Setting Up the Trammel Arm
Because every piece of backing had to be precise, cutting it with a jigsaw was out of the question. Instead, we used a trammel arm — a piece of 1x4 — attached to a router. There are many ways to attach the router; some carpenters make an auxiliary wooden base and screw the router right to the base. For this job, we used an adjustable fence made by Porter-Cable (42700 Edge Guide, $40 at Amazon.com). Since this guide doesn't fit every brand of router, we had a local machine shop make an aluminum adapter so we could use it with our Bosch plunge routers. The nice thing about the Porter-Cable guide is you can quickly fine-tune the trammel-point distance.

Working from the drywall surface, we set up the three trammel points. The longest radius was for the top of the beam, the shortest for the bottom of the beam; a third intermediate point was for the bottom of the upper-crown backing. The trick, when setting up a trammel arm, is to make sure you're measuring to the correct side of the router bit.

Installing Beams and Backing
We made the beam sides and the crown backing from 3/4-inch MDF. Rather than use the trammel arm to cut every piece, we made two templates — one for the side and one for the backing — and used them to duplicate the additional pieces. We found it fastest — and least dusty — to trace the pieces and make rough cuts with a circular saw and jigsaw, then clean up each piece with a top-bearing template bit.
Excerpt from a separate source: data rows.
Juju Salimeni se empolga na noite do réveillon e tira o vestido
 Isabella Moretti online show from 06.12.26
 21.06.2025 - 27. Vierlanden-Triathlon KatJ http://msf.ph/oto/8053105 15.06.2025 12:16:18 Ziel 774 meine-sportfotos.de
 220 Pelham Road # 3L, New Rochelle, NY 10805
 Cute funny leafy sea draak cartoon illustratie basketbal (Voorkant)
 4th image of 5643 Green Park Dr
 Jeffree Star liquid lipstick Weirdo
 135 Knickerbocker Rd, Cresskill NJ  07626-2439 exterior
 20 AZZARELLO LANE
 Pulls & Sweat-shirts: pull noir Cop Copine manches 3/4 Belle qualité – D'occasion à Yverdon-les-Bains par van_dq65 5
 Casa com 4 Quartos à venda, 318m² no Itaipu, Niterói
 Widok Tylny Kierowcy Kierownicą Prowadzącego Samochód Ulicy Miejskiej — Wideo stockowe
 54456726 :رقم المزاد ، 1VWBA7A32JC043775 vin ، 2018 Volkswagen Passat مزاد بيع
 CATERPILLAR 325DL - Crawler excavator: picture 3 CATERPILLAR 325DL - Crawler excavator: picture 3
After laying out the beams, we attached blocking to the ceiling with panel adhesive and nails. We waited a day for the adhesive to dry, then installed the sides of the beams, followed by the three-layered beam bottoms. We used 1/4-inch MDF for the first two layers, and 1/4-inch alder plywood for the exposed bottom layer.
Next we installed the upper crown backing, then moved on to the straight intersecting beams, repeating the process. To make sure the crown molding reveals would be dead on, we used gauge blocks at every step.


Installing the Crown
Each coffer had four pieces of straight hardwood crown (two lower, two upper) and four pieces of flexible plastic crown. Installation took a lot of patience. We ended up using a combination of coped ends and open miters to get it done.
Starting with the bottom crown, we first experimented with open miters. We found that cutting both pieces at 43 degrees got us close, but the joints didn't close as tight as we wanted. We also tried coping the ends of the flexible crown, but still couldn't get a good fit.


Finally, we tried coping the ends of the straight hardwood. Cutting the coped end at 43 degrees worked best. We cut the pieces a little long and pressed them into place. This locked the flex trim into position and hid the inconsistencies you always get between flexible molding and its hardwood equivalent. The tight copes hid everything.


Uncopable Crown
I thought we'd be able to cope the upper crown, too, and was looking forward to working on the smaller profile, but that molding turned out to be the biggest problem — it wasn't copable. Whenever a crown molding profile turns to horizontal — whether it's on a flat fillet, a bead, a bullnose, or a cove — the molding can't be coped.
One good example is the bottom corner of most crown moldings: We're all taught to cope that bottom fillet paper-thin, so it's practically the thickness of the paint, and then to install the molding so that the paper-thin miter laps over the previous piece. Why? Because you can't cope a profile that runs level.
We used test pieces to check the fit of the miters, marked the length of each piece with the miter squeezed tightly in place, glued both sides of every miter, then sprung each piece into place, nailing off the miters and leaving a bow in the center, which we fastened last.




Except for the coloration difference between the flex molding and the solid alder, the upper and lower crowns looked like a single piece when we were finished. And by the time the painter finished applying multiple veneer coats and graining, the whole ceiling looked like alder.

Gary Katz is a finish carpenter in Reseda, Calif., and the moderator of JLC Online's finish-carpentry forum.